CHANDIGARH:Sending a tiny tot to an elite city school is costlier than getting a master’s degree in management, thanks to the ever-soaring cost of “quality education”!

Toddler’s education costlier than MBA!

Illustration: Sandeep Joshi



Charu Chhibber

Tribune News Service

Chandigarh, January 4

Sending a tiny tot to an elite city school is costlier than getting a master’s degree in management, thanks to the ever-soaring cost of “quality education”!

According to statistics, admission to one of the top private schools in the city reduces the parents’ earnings on an average from Rs 2,00,000 to Rs 4,00,000 per annum whereas according to officials of the placement cell of Panjab University, the cost of studying in its business school is less than Rs 25,000 per annum. 

Several prominent city schools charge anything between Rs 25,000 and Rs 80,000 as admission fee, in addition to tuition fees averaging Rs 3,000 to Rs 6,000 per month. Besides, Rs 1,000 to Rs 1,200 per month is the average transportation expense.

This is not all. A look at the fee card of most schools reveals addition of various other expenses under different heads, including registration charges, development fund, caution money and miscellaneous expenses.

As if that is not enough, parents are literally wheedled into buying uniform, school bags, books and shoes, either from the school or from select stores.

And then there are fun trips, annual and sports day celebrations, festival celebrations, along with sundry other days that are celebrated with aplomb in most schools – all, at the cost of parents’ hard-earned money. Not to forget the countless competitions, school work projects and charity donations, which further add to the parents’ financial burden.

“Imagine! This is just about sending a child to nursery or kindergarten,” exclaims Shailaja Sharma, an educationist and mother of one.

Parents rue that in the absence of any regulation, the schools have continued to fleece them in the name of quality education. 

“Interestingly, while on the one hand, the schools hike their fee at the rate of 10 per cent every year without opposition from any quarter, on the other, Panjab University has to face the ire of not only students but even outside even if it proposes to hike its fee nominally in order to overcome the financial crisis. Such is the power that private schools wield,” remarked Vishal Cahudhary, a parent of two.

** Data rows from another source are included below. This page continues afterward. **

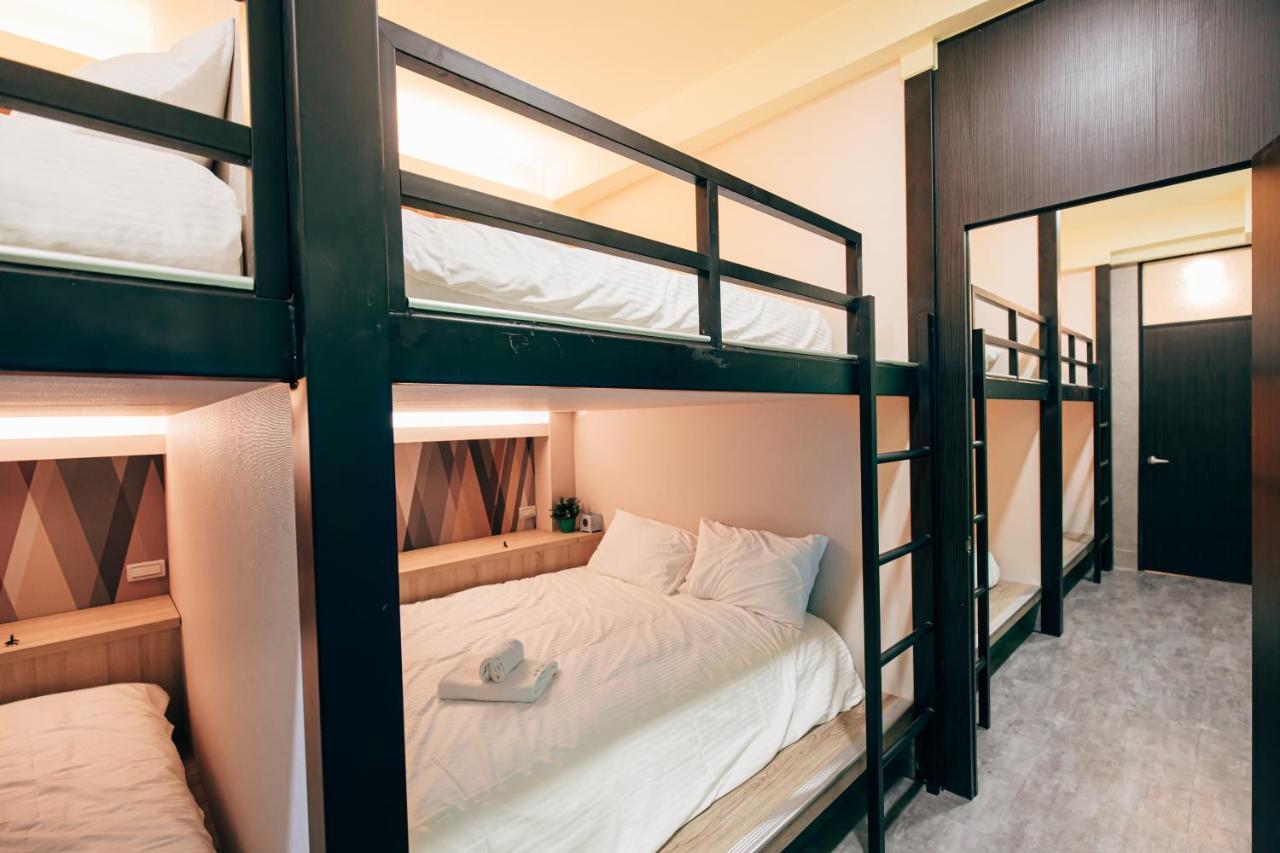 Bird Series B&B&Hostel複合式民宿#本國旅客須先匯款 Tainan Eksteriør bilde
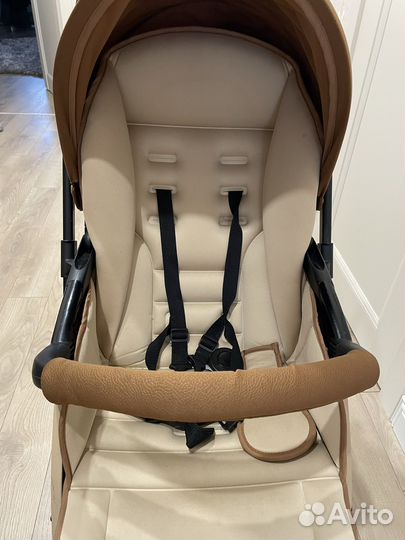 Прогулочная коляска с перекидной ручкой бу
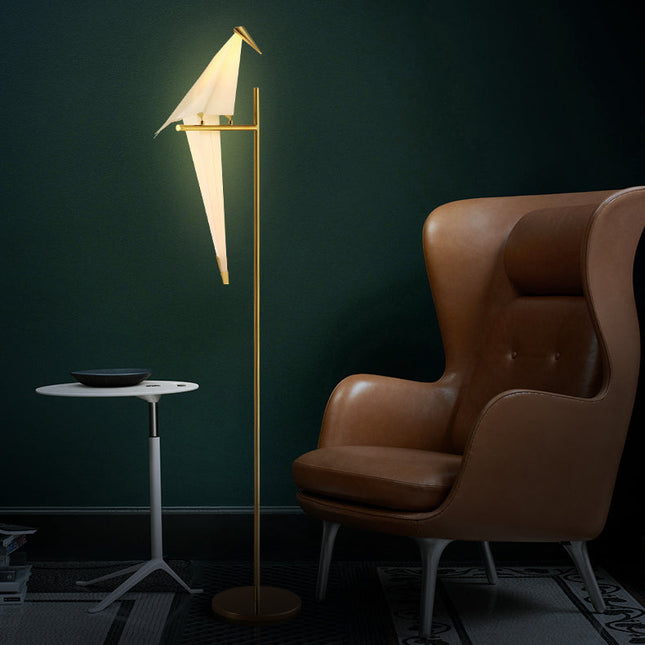 Lampa Origami z Magnesem w Kształcie Ptaka – Nowoczesne Oświetlenie z Ciepłym Światłem do Domu 2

Summing up the situation, another parent, Sakshi Patial, said, “It is here that the poor and the rich are being separated in laying the foundation for tomorrow. Considering the cost of sending children to nursery, a parent with limited resources cannot even afford to send his child to school.”

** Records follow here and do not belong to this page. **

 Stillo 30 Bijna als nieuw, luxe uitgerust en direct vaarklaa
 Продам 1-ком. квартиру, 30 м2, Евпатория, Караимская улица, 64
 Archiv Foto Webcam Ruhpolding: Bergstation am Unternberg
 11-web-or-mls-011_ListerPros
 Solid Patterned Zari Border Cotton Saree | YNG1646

School heads, on the other hand, say that quality comes at a price. “We have state-of-the-art facilities and highly qualified staff who have to be paid on a par with industry standards. We provide nothing but the best to our students. We cannot provide all this by keeping the fee low,” said a school head.

Education Dept to look into the matter

With an aim to rein in the private schools over fee and other charges, the UT Education Department is in the process of scrutinising the Punjab Regulation of Fee of Unaided Educational Institution Bill, passed in December 2016. According to sources, the Director, School Education, has been entrusted with the task of studing its features and recommending it to suit the requirements of the department with the Governor’s approval, after which it will be sent to the Ministry of Home Affairs for final approval to make it applicable to Chandigarh.